The records
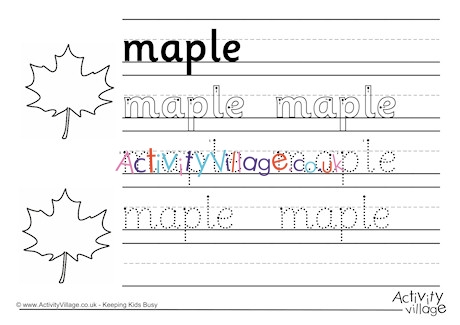 Maple Handwriting Worksheet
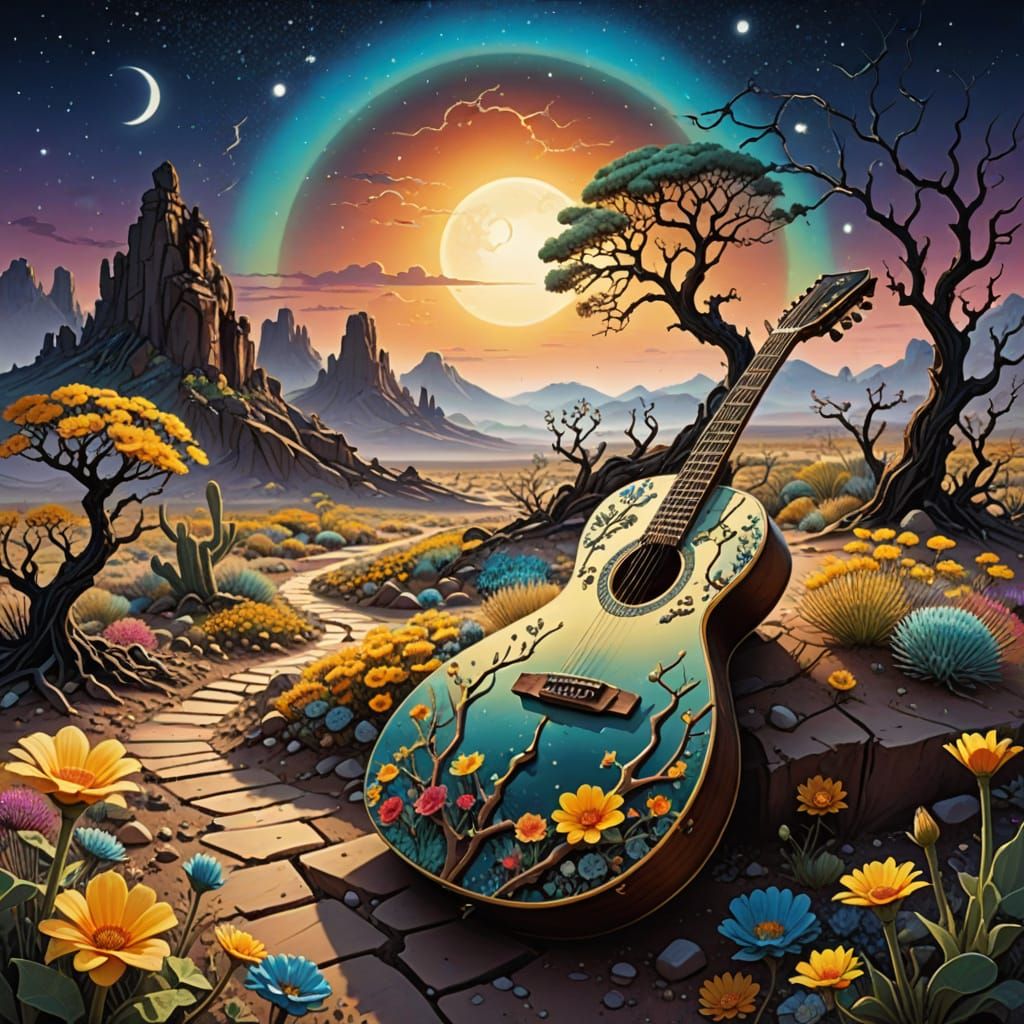 Surreal Guitar Geode Masterpiece with Golden Gilded Edges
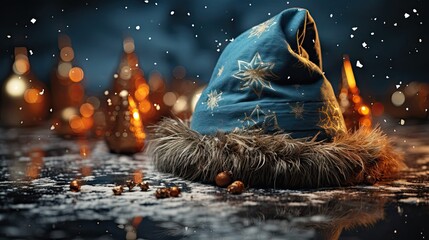Wall Mural - Santa claus blue hat on Christmas background. Cool Christmas concept. Generative AI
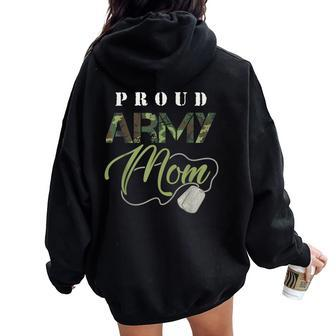 Proud Army Mom Cute Military Mama Usa Women Oversized Hoodie Back Print | Mazezy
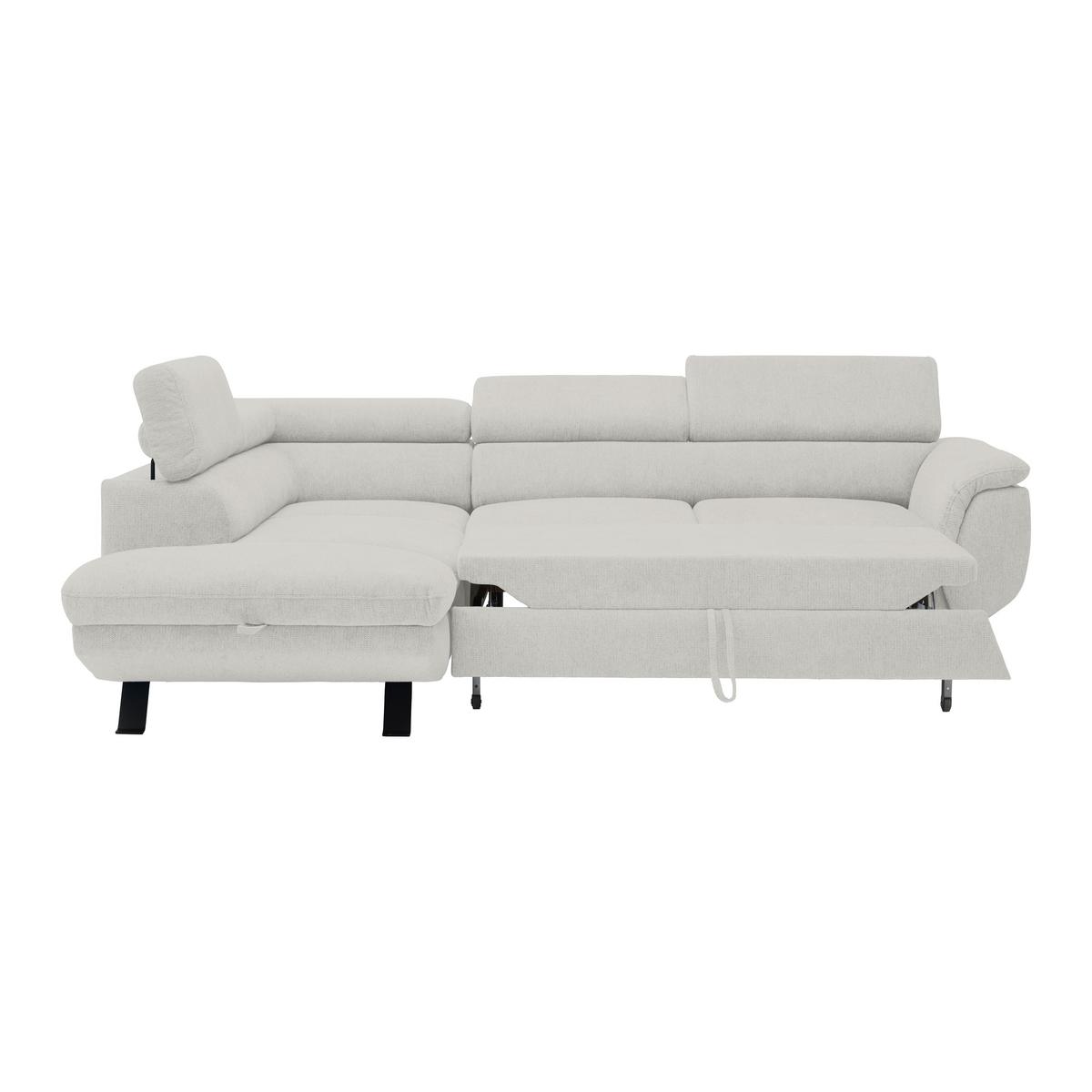 Rohová sedačka RAVEN, ľavá, sivobiela - čierna/sivobiela, Modern, kov/textil (198cm) - Mömax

Exercise goal
Copy every entry above exactly as it stands, but leave the pictures out.

Problem solution
 Maple Handwriting Worksheet
 Surreal Guitar Geode Masterpiece with Golden Gilded Edges
Wall Mural - Santa claus blue hat on Christmas background. Cool Christmas concept. Generative AI
 Proud Army Mom Cute Military Mama Usa Women Oversized Hoodie Back Print | Mazezy
 Rohová sedačka RAVEN, ľavá, sivobiela - čierna/sivobiela, Modern, kov/textil (198cm) - Mömax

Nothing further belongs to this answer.